▸ **What the task requires**:
Your copy should begin with the line containing "Máy hút chân không gia đình DZ300A", end with the line containing "Scutellaria", match the listing below exactly, and contain no pictures.
--- Source material ---
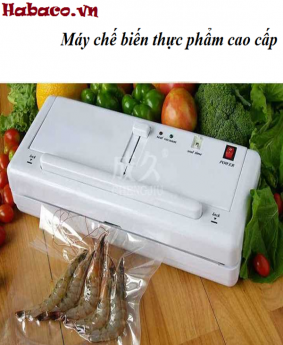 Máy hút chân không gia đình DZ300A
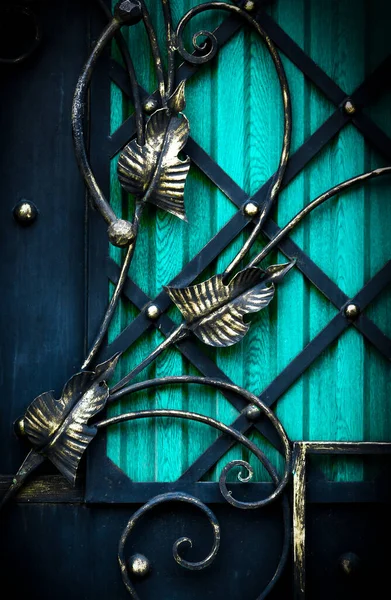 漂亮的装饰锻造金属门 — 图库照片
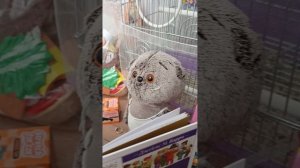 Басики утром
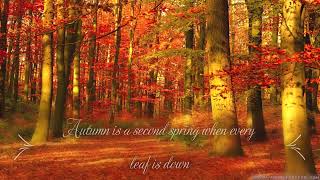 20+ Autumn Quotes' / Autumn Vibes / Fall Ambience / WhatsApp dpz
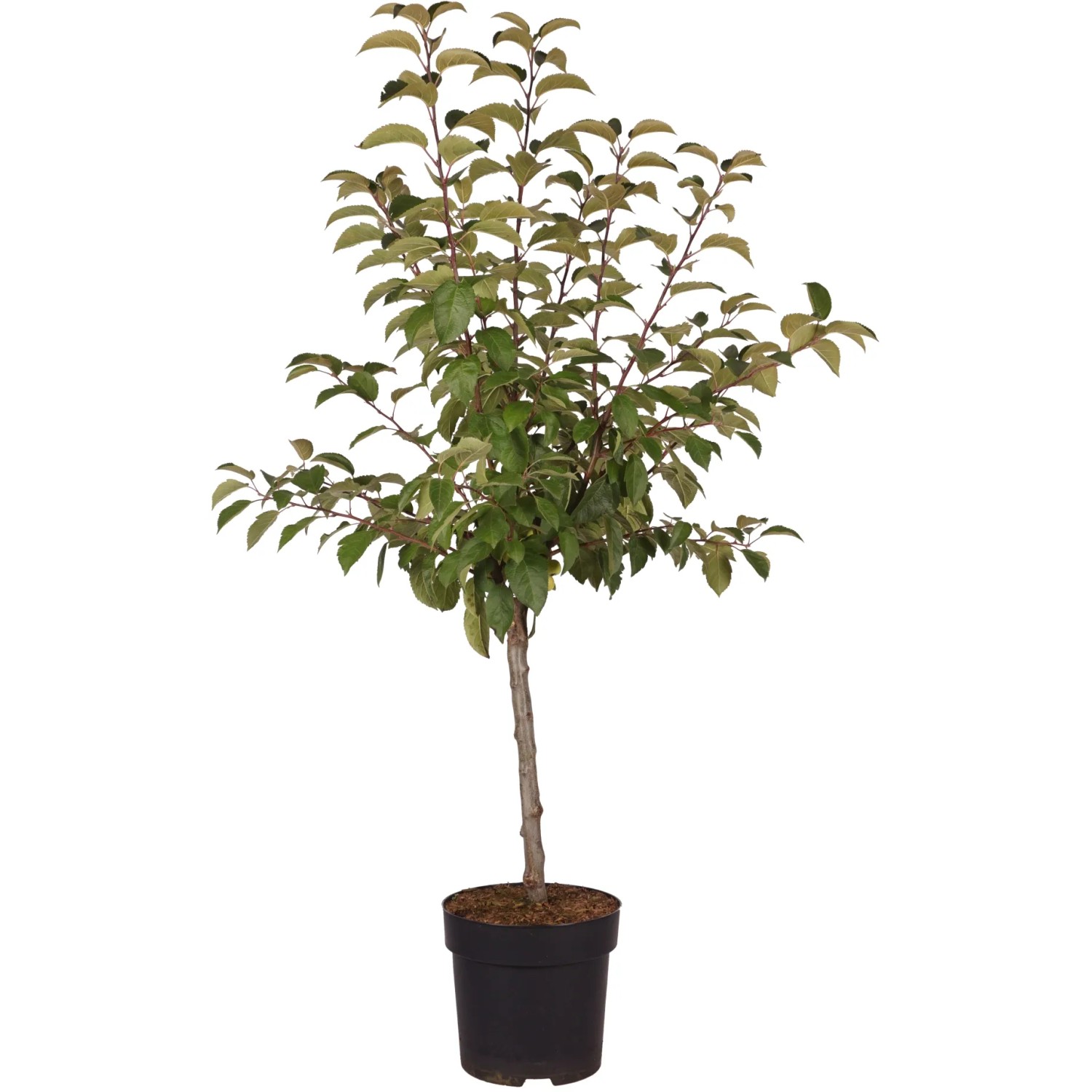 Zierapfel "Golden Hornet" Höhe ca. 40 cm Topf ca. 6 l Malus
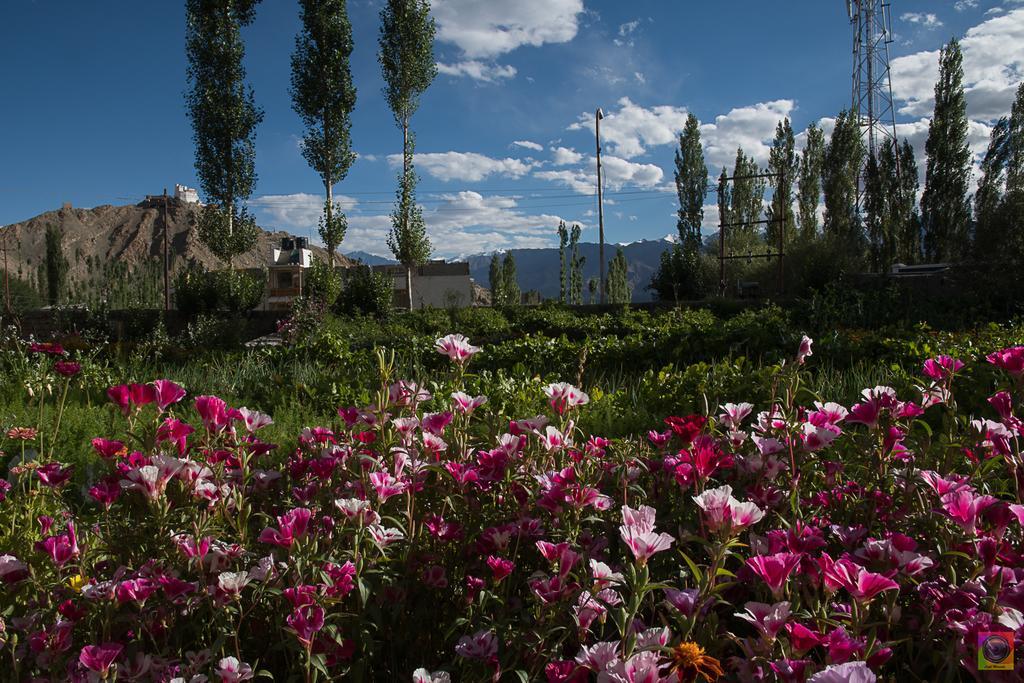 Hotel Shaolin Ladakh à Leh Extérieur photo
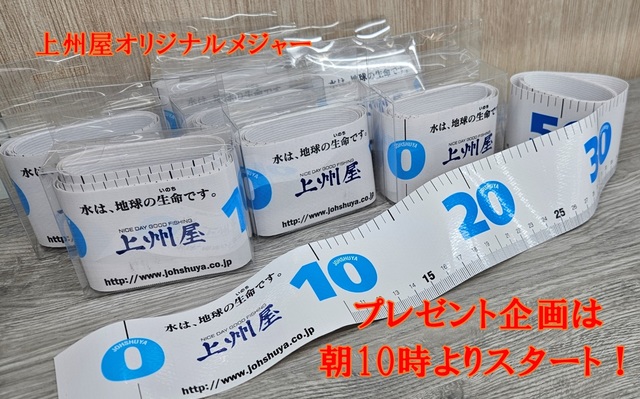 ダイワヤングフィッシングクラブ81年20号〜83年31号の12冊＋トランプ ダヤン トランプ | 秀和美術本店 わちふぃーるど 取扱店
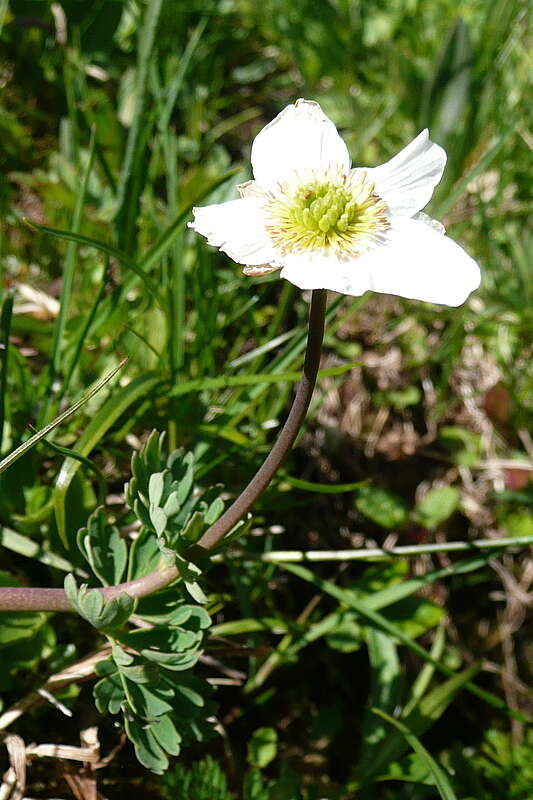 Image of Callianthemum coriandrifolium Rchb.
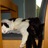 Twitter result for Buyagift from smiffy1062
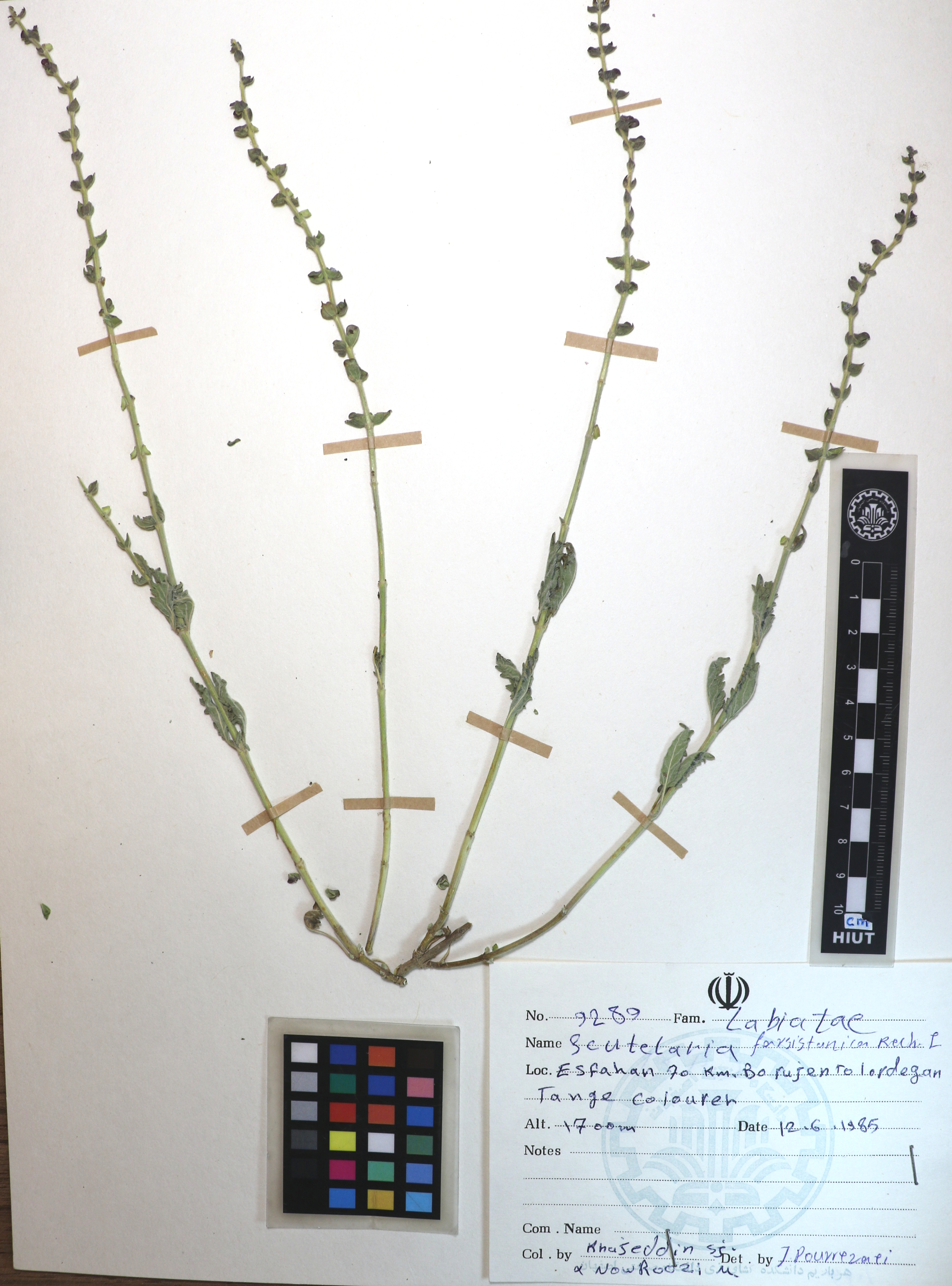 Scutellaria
---
--- Source material ---
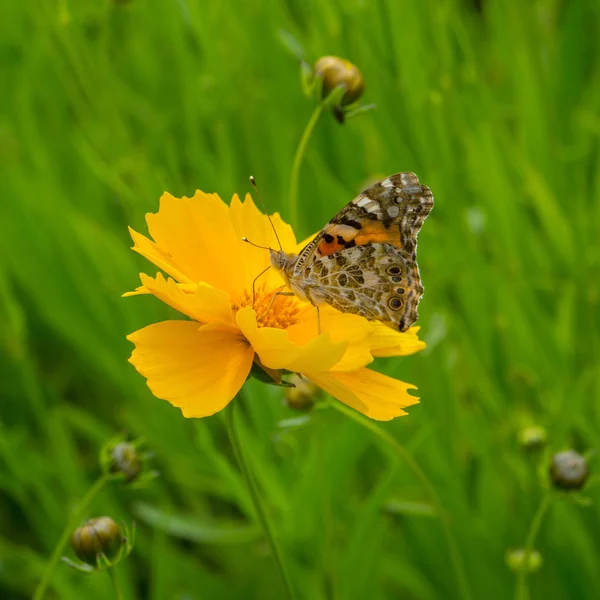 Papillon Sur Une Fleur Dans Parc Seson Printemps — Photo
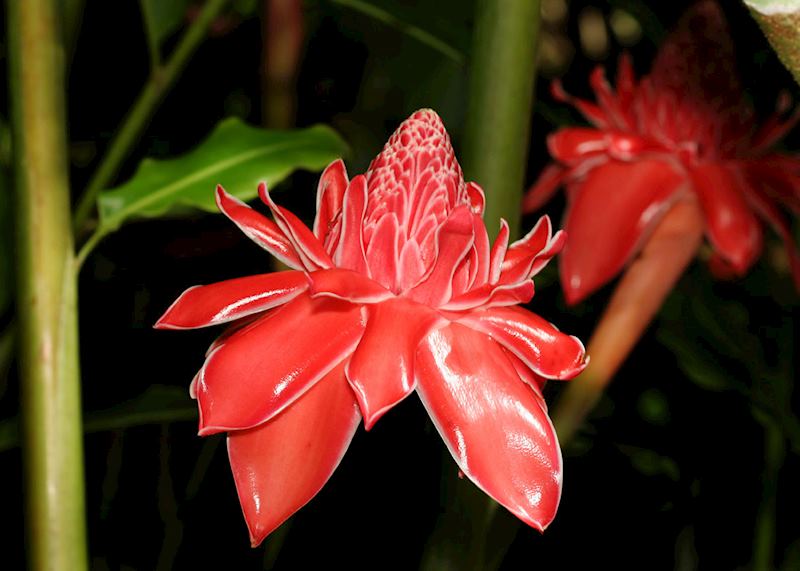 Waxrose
---
--- Source material ---
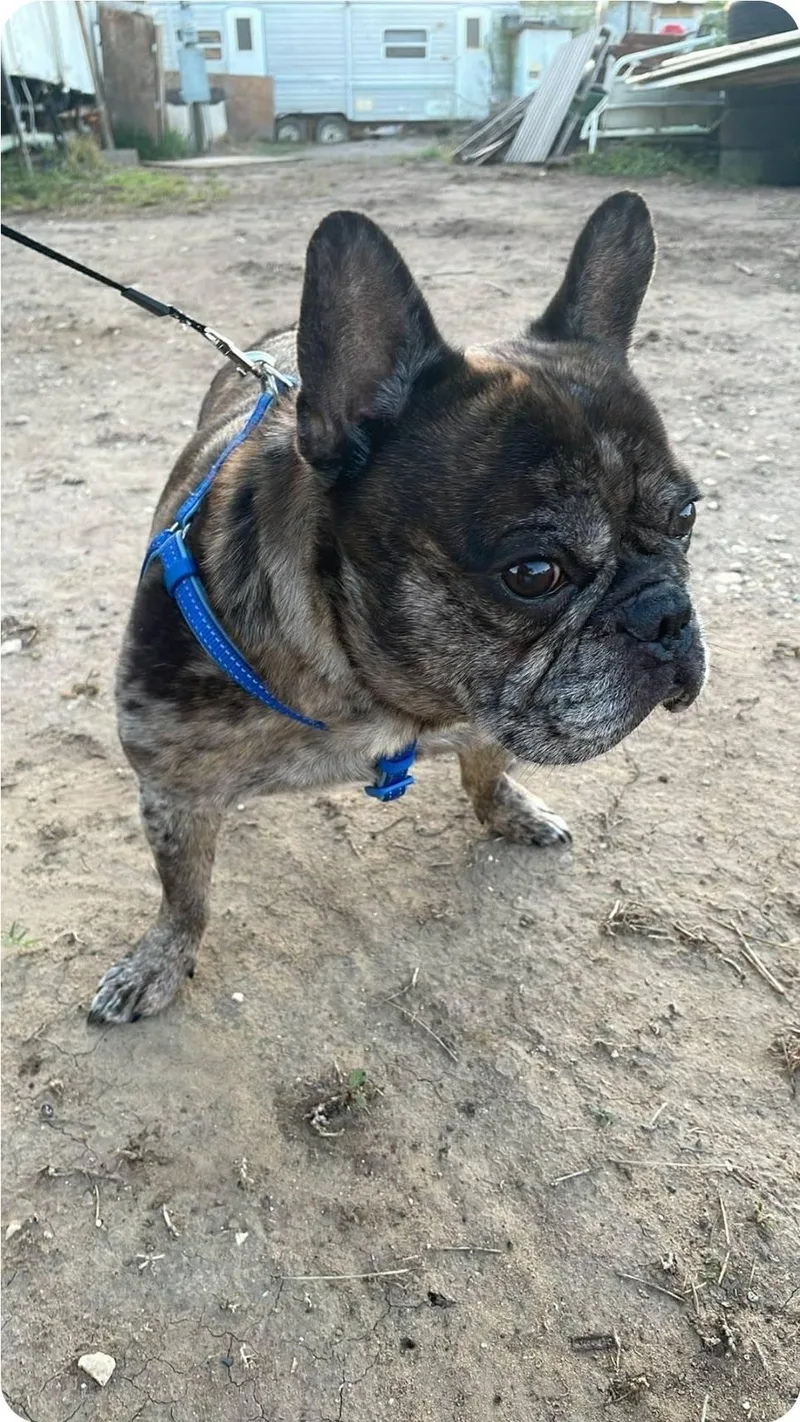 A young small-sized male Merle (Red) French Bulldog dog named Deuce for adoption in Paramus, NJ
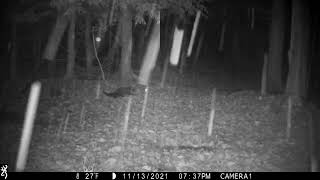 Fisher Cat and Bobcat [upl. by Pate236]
---
▸ **Your solution**:
 Máy hút chân không gia đình DZ300A
 漂亮的装饰锻造金属门 — 图库照片
 Басики утром
 20+ Autumn Quotes' / Autumn Vibes / Fall Ambience / WhatsApp dpz
 Zierapfel "Golden Hornet" Höhe ca. 40 cm Topf ca. 6 l Malus
 Hotel Shaolin Ladakh à Leh Extérieur photo
 ダイワヤングフィッシングクラブ81年20号〜83年31号の12冊＋トランプ ダヤン トランプ | 秀和美術本店 わちふぃーるど 取扱店
 Image of Callianthemum coriandrifolium Rchb.
 Twitter result for Buyagift from smiffy1062
 Scutellaria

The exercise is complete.